Siyasi iktidarın toplumu korumak yerine popülizme yönelmesinin ve sermayeyi öncelemesinin krizin tüm faturasının emekçilere kesilmesine neden olduğunu ifade eden Çiçek, “TÜİK’in çarpıtılmış verileriyle perdelemeye çalıştığı hayat pahalılığı, gündelik yaşamda hiperenflasyon olarak hissedilmekte; Türkiye’yi sefalet endeksinde en üst sıralara taşımaktadır” değerlendirmesini yaptı.
“BİRÇOK AİLE TEMEL İHTİYAÇLARI KARŞILAYAMIYOR”
Büro Emekçileri Sendikası Araştırma Merkezi’nin Nisan 2025’te yaptığı araştırmaya göre, dört kişilik bir memur ailesi için açlık sınırının 34 bin 200 TL, yoksulluk sınırının ise 83 bin 434 TL olarak belirlediğini; DİSK’e bağlı BİSAM’ın Mart 2025 verilerine göre ise açlık sınırının 23 bin 51 TL, yoksulluk sınırının ise 79 bin 734 TL olduğunu aktaran Çiçek, “Farklı toplumsal kesimlere odaklanan bu çalışmalar, milyonlarca yurttaşın yalnızca yoksulluk değil, açlık sınırının dahi altında yaşamaya mahkum edildiğini gözler önüne sermektedir” ifadelerini kullandı.
İstanbul’daki ekonomik tabloya değinen Çiçek, İstanbul Ticaret Odası’nın verilerine göre, Mart 2025’te kentte enflasyonun önceki aya göre yüzde 3,79 oranında arttığını, önceki yılın aynı ayına göre artış oranının yıllık yüzde 46,23 olduğunu belirterek, birçok ailenin temel ihtiyaçlarını karşılayamaz hale geldiğini vurguladı.
“TÜRKİYE KİRE ARTIŞINDA OECD ÜLKELERİ ARASINDA İLK SIRADA”
Barınma krizine de işaret eden Çiçek “OECD’nin 2024 verilerine göre Türkiye, yıllık bazda yüzde 66’lık kira artışıyla 38 ülke arasında ilk sıradadır.
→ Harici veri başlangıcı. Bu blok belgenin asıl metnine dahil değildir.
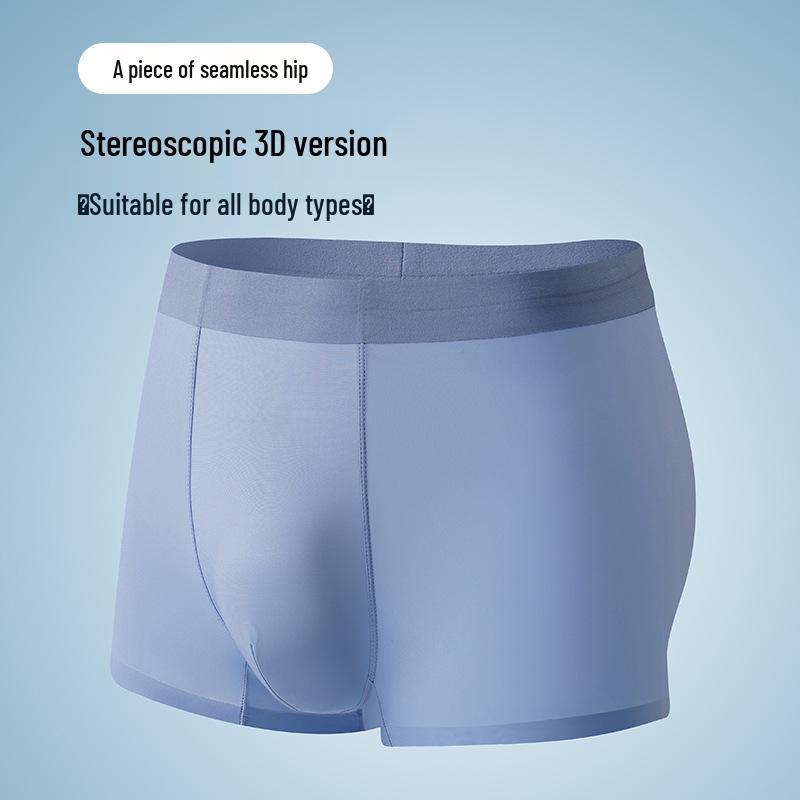 Men's Cool Ice Silk Mid-Waist Seamless Underwear - Breathable, High Elasticity, Antibacterial, Thin Design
Üç yıllık artış ise yüzde 409’a ulaşarak OECD ortalamasının katbekat üzerine çıkmıştır” bilgisini aktardı.
İstanbul’da ortalama bir konutun kirasının 26 bin 500 TL’ye yükseldiğini, 2025 yılı başında net asgari ücretin ise 22 bin 104 TL olarak belirlendiğini kaydeden Çiçek, “Bu tablo, emekçiler, emekliler ve dar gelirli aileler için barınmanın artık temel bir hak olmaktan çıktığını göstermektedir. Konut politikaları kamu yararı yerine sermaye lehine şekillendirilmiştir. Sosyal konut açığı derinleşmiş; konut hakkı piyasaya terk edilmiştir. İktidarın kira artışlarına yönelik palyatif ve göstermelik düzenlemeleri, sorunu yapısal olarak çözmekten uzaktır” ifadelerini kullandı.
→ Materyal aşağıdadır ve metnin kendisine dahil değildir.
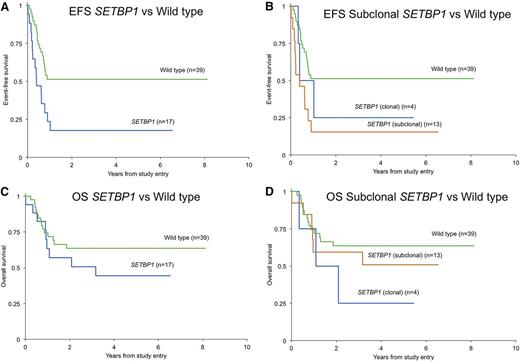 Figure 4. SETBP1 status at diagnosis affects outcome. (A) EFS in patients with a SETBP1 mutation was significantly lower than those without a mutation in the AAML0122 clinical trial (P = .006). (B) EFS in patients with a subclonal SETBP1 mutation that was only detectable by ddPCR was significantly lower than in those without a mutation (P = .004). (C) OS in patients with a SETBP1 mutation compared with those without a mutation (P = .258). (D) OS in patients with a subclonal mutation compared with those without any mutation (P = .507).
Gelir adaletsizliği üzerine de açıklamalarda bulunan Çiçek, “İPA’nın 2024 yılı verilerine göre, Türkiye’de Gini katsayısı 0,418; İstanbul’da ise 0,428’e yükselmiş ve gelir eşitsizliği ciddi biçimde derinleşmiştir” değerlendirmesinde bulundu.
“İNSAN ONURUNU ESAS ALAN SOSYAL POLİTİKALAR GELİŞTİRİLMELİ”
İstanbul’da halkın geliştirdiği hayatta kalma pratiklerine dikkat çeken Çiçek, şunları kaydetti:
“İstanbul’un farklı mahallelerinde emekçilerin geliştirdiği gündelik hayatta kalma pratikleri; birden fazla işte çalışmak, kirayı paylaşmak üzere birden fazla ailenin aynı evde yaşaması, pazar kapanışlarında artan gıdayı toplama, sağlık hizmeti yerine ev içi yöntemlere yönelme gibi örneklerle daha da görünür hale gelmiştir. İstanbul’da yaşanan hayat pahalılığı, barınma krizi ve yoksullaşmanın nedenlerinin tespit edilerek ekonomik, sosyal ve siyasal etkilerinin kamu denetimine açık biçimde incelenmesi ve insan onurunu esas alan sosyal politikaların geliştirilmesi amacıyla bir Meclis Araştırması Komisyonu kurulması elzemdir.”